3.75 out of 5 stars
Excellent series, strong finish, but I still hate time loops.
I love The Aurora Cycle, and as a series, I’d give the whole thing 4.25 stars. It started out whiz-bang in Aurora Burning (4.5 stars), sunk it’s teeth into Aurora Burning (4 stars), and gave a graceful, if overly practiced, bow in Aurora’s End.
Spoilers ahead for Books 1 and 2 only. What would you be doing here if you hadn’t read those anyway?

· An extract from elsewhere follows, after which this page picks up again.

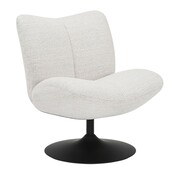 Bronx71 Fauteuil Moira draaibaar polyester beige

In this series finale, our beloved Squad 312 make their final attempt to defeat the planet-eating hive mind alien species Ra’haam from consuming the galaxy. Tyler has gone from head bitch on campus to public enemy number one. Scarlett, Fin, and Zila are attempting to science the shit out of, well, everything. Auri and Kal battle the Starslayer, the Ra’haam, and the space-time continuum while be’shmai-ing each other every thirty seconds. In true Kaudfmann x Kristoff fashion, everything has gone to hell and destruction is moments away.
Aurora’s End beautifully ties up the storylines left floating by the first two books. What are the rest of the items from the bank vault? How did they end up left for our heroes in the past? Time bends and warps in this book, satisfying without being too confusing, and offering more than one a-ha! moment. The history and future of Aurora Academy, along with the many races of the galaxy, unfold simultaneously. We’re thrilled to learn that Squad 312 integral to them all.
The misfit cast’s signature selves pay off to a man. Everyone has been a star in this series, and those who’ve had less screen time get their big days here. Loveable sidekicks Fin and Zila step to the front, and you realize the authors have probably loved them best all along. Tyler gets gravitas, Scarlett sees her value. Kal goes to the mattresses for Auri, and Auri does the same for all live in the ‘verse. Even Saedii, whose one-dimensionality was my only real qualm with Aurora Rising, is better here. There’s still a wearying and repetitive amount of belligerence every time the Warbreed get to talk, but it’s not entirely her character’s burden to bear anymore.
Despite all that, and to my chagrin, Aurora’s End uses a plot device I generally depside: the time loop. Cool in theory, very difficult to pull off without boring me to tears. [Not a spoiler, this is how the book opens.] In this case, Fin, Scarlett, and Zila get stuck in one. It takes a few times for them to notice, then to start affecting their reality, then to form a plan, then to… by this point, it’s been going on forever. Disclaimer: This was likely a much bigger problem for me because I listened to the audiobook. On the page, I would have skimmed, eliminating some of my frustration. But the fact that a time loop trope requires repetition makes listening to each word, read at the same speed, over and over again, agony. If Amie & Jay can’t do this, no one can. And I think if they’ve listened to their work read aloud before submitting final edits, they’d have shaved a lot off the first quarter of this book just to save us listeners.
Despite that, I thoroughly enjoyed it. It’s not quite The Illuminae Files, but it’s close. The Aurora Cycle has never been a series where the main characters are presumed safe. The perils that abound engaged me most in this installment, sure that with so many favorites, at least one would be sacrificed. And with Squad 312, you know they’d each take that for their team. Just about everyone gets a chance to try in Aurora’s End, and it makes that end very satisfying.